Al rapporto amichevole e di fiducia preferiamo quello asettico e arido, solo “commerciale”. Quando compriamo qualsiasi cosa, dal fornaio ai grandi magazzini, la transazione non ha risvolti: nello scambio non vi è sottesa nessuna relazione amichevole: danaro contro merce senza vincoli di sentimento. Per questo motivo spesso rifuggiamo dalla logica del “dono” perché rappresenta un pericolo. Il dono presuppone un rapporto più complesso, crea legami e vincoli, impone la costruzione o il miglioramento di legami con gli altri. Può dunque spaventare per la sua caratteristica di “coinvolgimento”. Per questo spesso siamo anche disponibili a dare soldi per opere caritatevoli, purché non si crei il circuito, la spirale del “donare, ricevere e ricambiare”. Agire in una logica del dono significa riconoscere che tutti abbiamo qualcosa da dare ad un altro e abbiamo, nello stesso tempo, bisogno di ricevere noi qualcosa dall’altro. In questo contesto è allocato l’homo donator, molto diverso da quello asetticamente “economico”, meno arido e più umano, meno egoista e più sociale più solidale.

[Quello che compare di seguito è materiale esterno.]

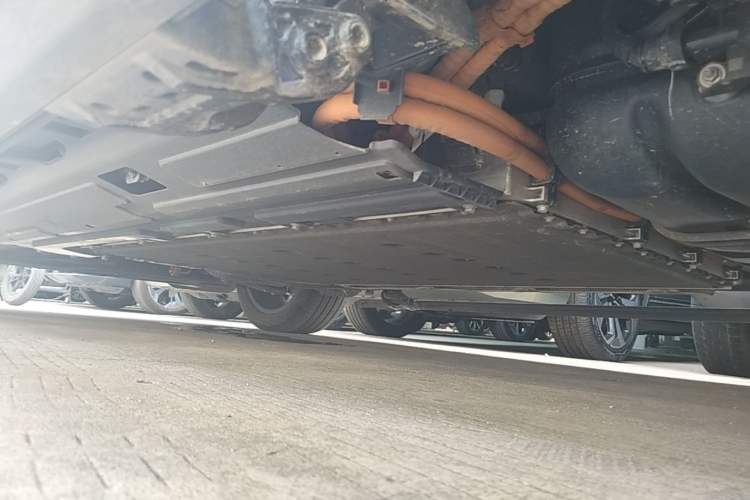Used Wey Lanshan 2023 Four-Wheel Drive Ultra-Long Range Version Left Side Sill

Ebbene, cari amici, è tempo che ci riappropriamo dell’homo donator, ne va della nostra stessa esistenza, oggi ridotta a semplice e meccanica sopravvivenza.

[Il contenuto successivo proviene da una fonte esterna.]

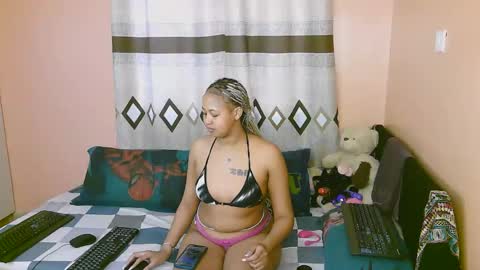 sexy_bluegirl online show from December 15, 12:20 pm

I primi spiragli già si intravvedono. Il “microcredito” comincia a prendere piede e dimostra che non sempre il profitto paga. Un nuovo modello economico si affaccia alle porte del nostro millennio: “IL SOCIAL BUSINESS”. Muhammad Yunus, padre del microcredito, non ha mai rinnegato le dottrine economiche. Ha studiato con attenzione gli economisti, in particolare Adam Smith, noto in tutto il mondo per la sua teoria della “mano invisibile”. Egli anzi è un grande ammiratore di Adam Smith, universalmente noto come uno dei padri dell’economia. Forte di queste conoscenze e di questi studi nel 2006 ha fondato il “Centro Yunus”, dove con determinazione cerca di applicare economicamente gli inviolabili principi di moralità ed etica. E’ proprio coniugando economia, morale, etica e principi umanitari che il Suo “Social Business” avanza e si afferma. E’ un modo “nuovo” per superare il modello capitalistico di business oggi in auge, basato sull’egoismo e sull’individualismo, riscoprendo i modelli solidali delle antiche Comunità, costituiti da altruismo e condivisione.

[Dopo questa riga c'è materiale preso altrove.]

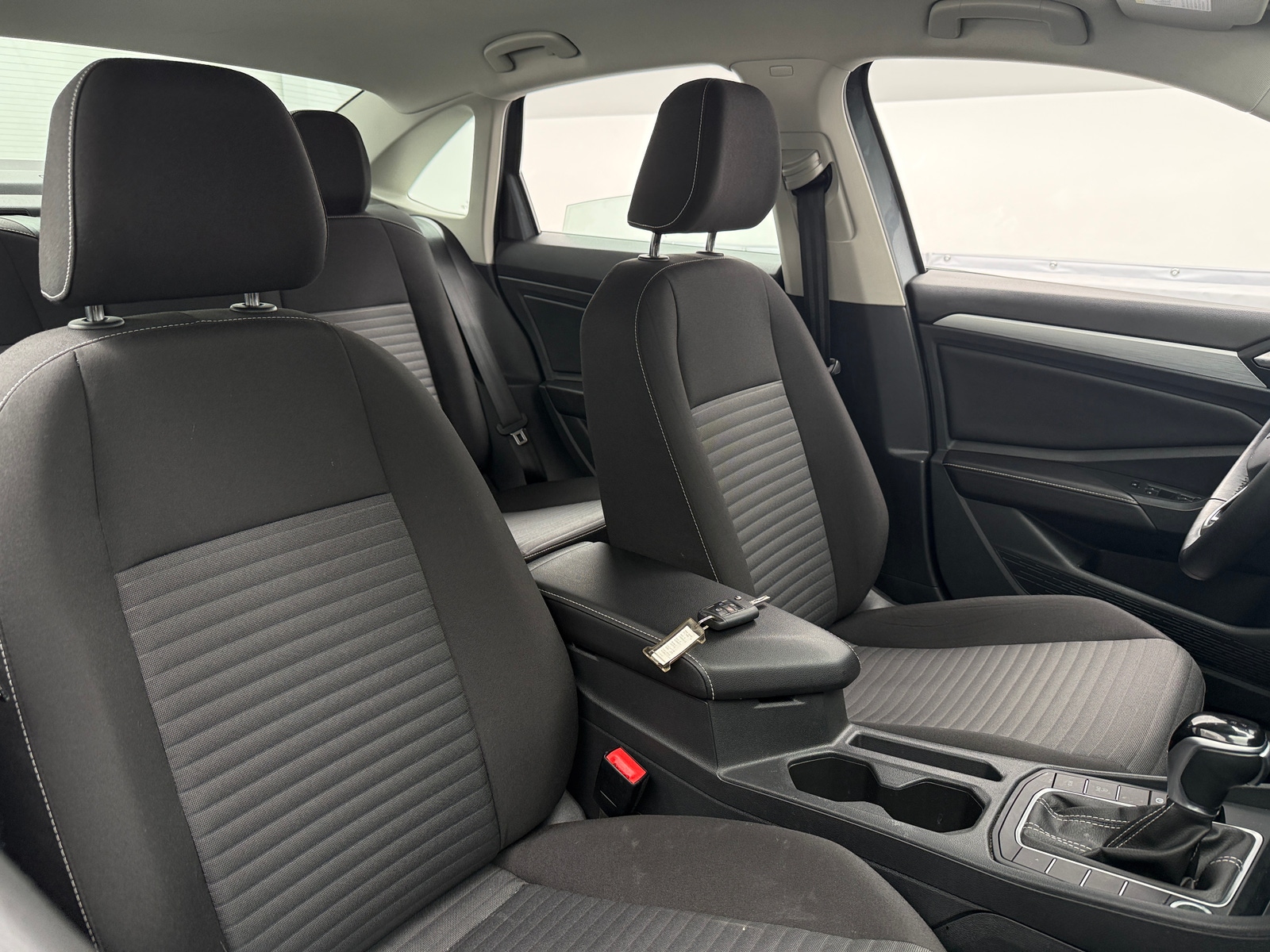 Thumbnail: 2025 Volkswagen Jetta - 2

Muhammad Yunus ha aperto una via importante che non è certo l’unica. Ciascuno di noi può fare molto senza aspettare che gli altri facciano. Voglio tornare all’esempio portato in apertura di queste riflessioni: la solidarietà del “Vicinato”. Credo che anche oggi sia nelle grandi città che nei villaggi possa rinascere una solidarietà di “Quartiere”, nuovo termine che ha sostituito il termine “Vicinato”. Se provassimo a ricostruire quelle relazioni interrotte o mai nate, se provassimo a sorridere e tendere la mano al vicino, partendo proprio da quello del nostro pianerottolo, forse saremo già sulla buona strada. Se provassimo a vivere insieme, come in passato, le gioie e i dolori familiari vivendoli nuovamente “insieme”, come parte di una vera “famiglia allargata”, avremo già raggiunto il nostro scopo. Ci sentiremo meno soli, sentiremo meno anche il peso della recessione che, pur in diversa misura, tocca tutti noi.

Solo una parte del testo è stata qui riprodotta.